"Se i miei compagni del M5s rimpiangono Salvini, agiscano di conseguenza", ci dice Battelli
Parla il deputato grillino. "Deluso dai miei colleghi., che fanno il gioco della Lega e della Meloni. L'accordo all'Eurogruppo è un buon punto di partenza. Ora puntiamo tutto sul 'recovery fund'"
Roma. Trattiene a stento una certa irritazione, Sergio Battelli. “E’ che a me le minacce non mi piacciono, e neppure la disonestà intellettuale”, dice il deputato del M5s, presidente della commissione delle Politiche Ue. “Se qualcuno dei miei compagni di movimento ha nostalgia del sovranismo e non si sente più a suo agio nel nostro gruppo, ne tragga le conseguenze”.

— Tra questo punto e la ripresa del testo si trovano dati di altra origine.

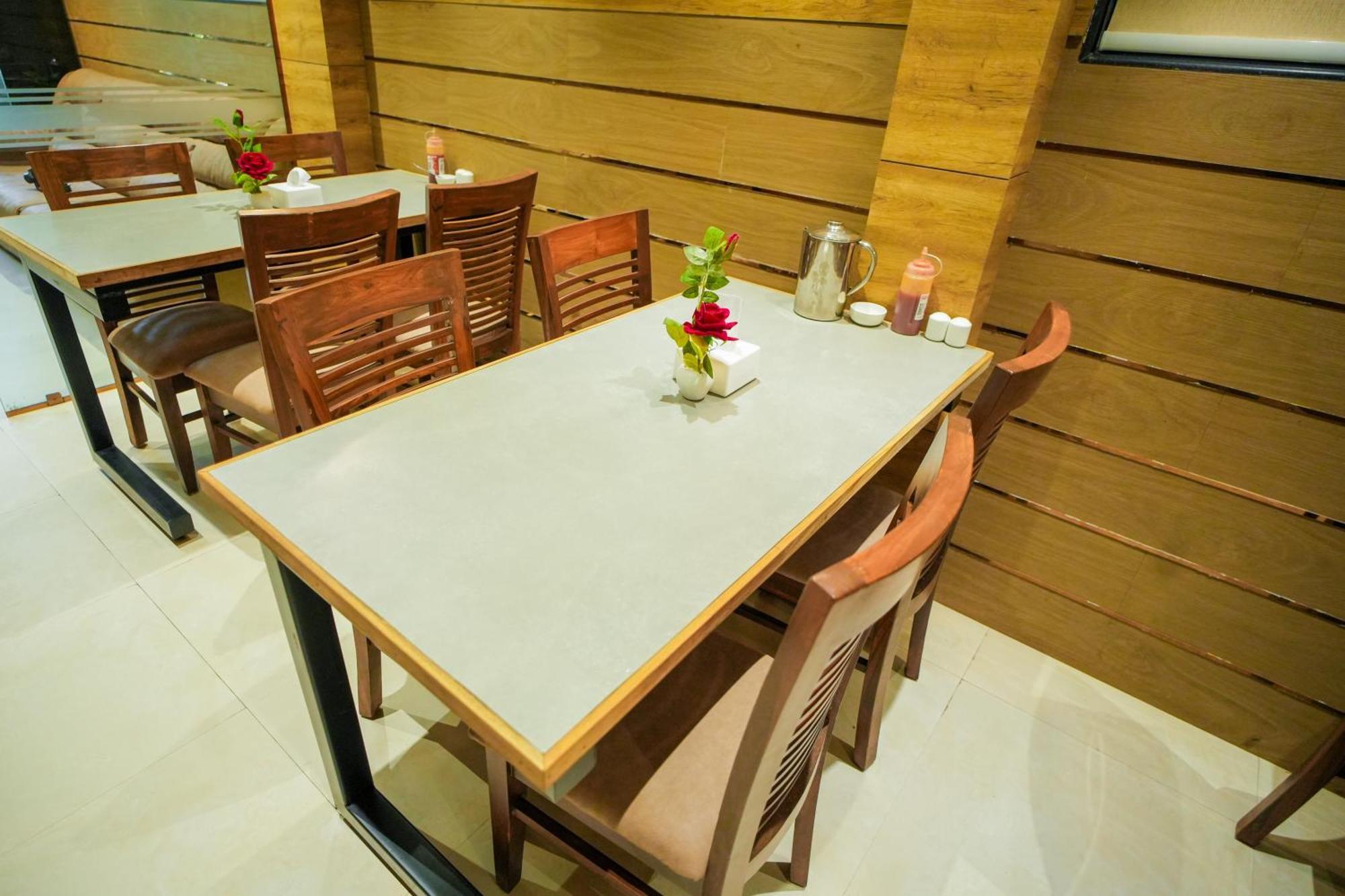Hotel Skylink Hospitality Mahalaxmi Mumbai Bagian luar foto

Ce l’ha, Battelli, con quella frangia di esponenti grillini che è salita sulla barricate contro il Mes, arrivando perfino - è il caso dell’eurodeputato Ignazio Corrao, o del viceministro Giancarlo Cancelleri - a evocare la cacciata di Roberto Gualtieri dal governo. “Io degli attacchi del genere, dei testi copincollati di bacheca in bacheca per protestare via social un minuto dopo la chiusura dell’Eurogruppo me li aspettavo non dai miei colleghi, ma da Meloni e Salvini”. Che, infatti, non hanno perso l’occasione di fare propaganda. “Sciacallaggio, direi. Far credere che ieri si sia ‘attivato’ il Mes è da irresponsabili, da avvelenatori di pozzi. Ricordo piuttosto che il Mes è stato ‘ratificato’ nel luglio 2012 dal Parlamento italiano, e in maggioranza non c'eravamo certo noi. Né al governo. Ma proprio per questo, non mi aspetto le strumentalizzazioni dai miei compagni di banco perché tutti sapevamo che non era stato attivato il Mes ed era compito di tutti i parlamentari del M5s mettere in chiaro questo aspetto. Alcuni, al contrario non l’hanno fatto”.

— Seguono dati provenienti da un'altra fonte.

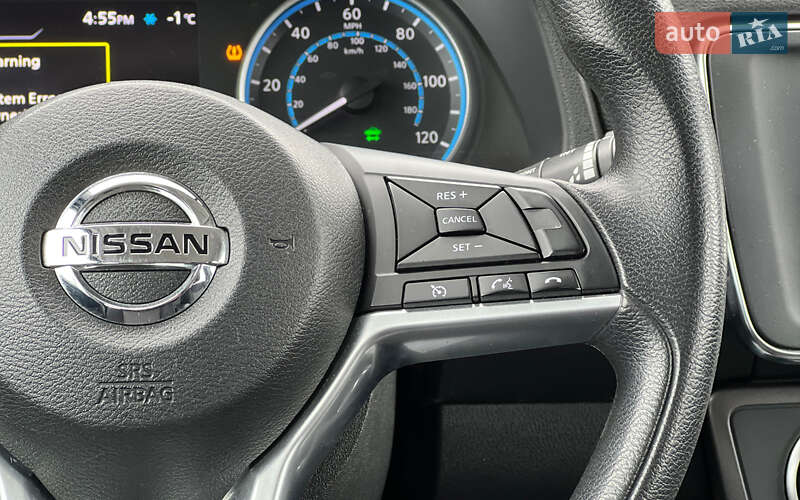 Хэтчбек Nissan Leaf 2019 в Львове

Insomma, quello raggiunto giovedì sera dall’Eurogruppo è un compromesso che Battelli difende. “E’ un passo importante nella giusta direzione. Ricordo che venti giorni fa c’era solo il Mes, tra gli strumenti possibili. Ora, gli stati membri ne hanno messi sul tavolo quattro. Ci sono i fondi della Bei e del Sure che andranno definiti meglio ma che sono sicuramente delle risorse utile per sostenere le imprese e difendere i lavoratori. E poi, soprattutto, c’è il ‘recovery fund’, il vero successo del negoziato del governo italiano. Inserendolo, abbiamo aperto una breccia, abbiamo poggiato le basi per una discussione che andrà poi affrontata dal consiglio europeo. Si è insomma chiuso il primo tempo di una partita che dovremmo giocarci fino al novantesimo sapendo che ora possiamo vincere”.
E forse, allora, l’errore è stato proprio quello di creare eccessive aspettative: quel perentorio “Mes No, Eurobond sicuramente sì” si sta ritorcendo contro Conte. “Non è così. perché il No italiano al Mes resta davvero categorico. Lo si è lasciato tra gli strumenti di aiuto possibili, ammorbidendone peraltro le condizionalità in modo perfino impensabile alla vigilia, ma non per questo lo siè reso obbligatorio. Se altri stati membri vorranno ricorrervi, si accomodino; l’Italia di certo non lo farà”.
Eppure, per mesi, potrebbe essere l’unico sostegno utilizzabile. “Per ora abbiamo la Bce che ci protegge, con uno sforzo finalmente importante dopo l’epic fail della presidente Lagarde. E nel frattempo, dovremo batterci per rendere operativo questo ‘recovery fund’, insieme alla definizione del nuovo bilancio europeo che dovrà essere ambizioso. E finita questa crisi, dovremo discutere di come rafforzare l’unione: se ci fosse stata una maggiore integrazione fiscale, lanciare gli Eurobond oggi sarebbe più facile. Gli Stati uniti d’Europa sono insomma l’unica sbocco possibile, se non si vuole che l’Europa si disgreghi”.
Per molti suoi colleghi del M5s questa sarebbe però un’ennesima, inaccettabile, cessione di sovranità. “Ognuno dovrà decidere cosa fare da grande. Io, per quel che conta, lo so già: sogno dei nuovi Trattati di Roma che superino le storture di quello di Lisbona”.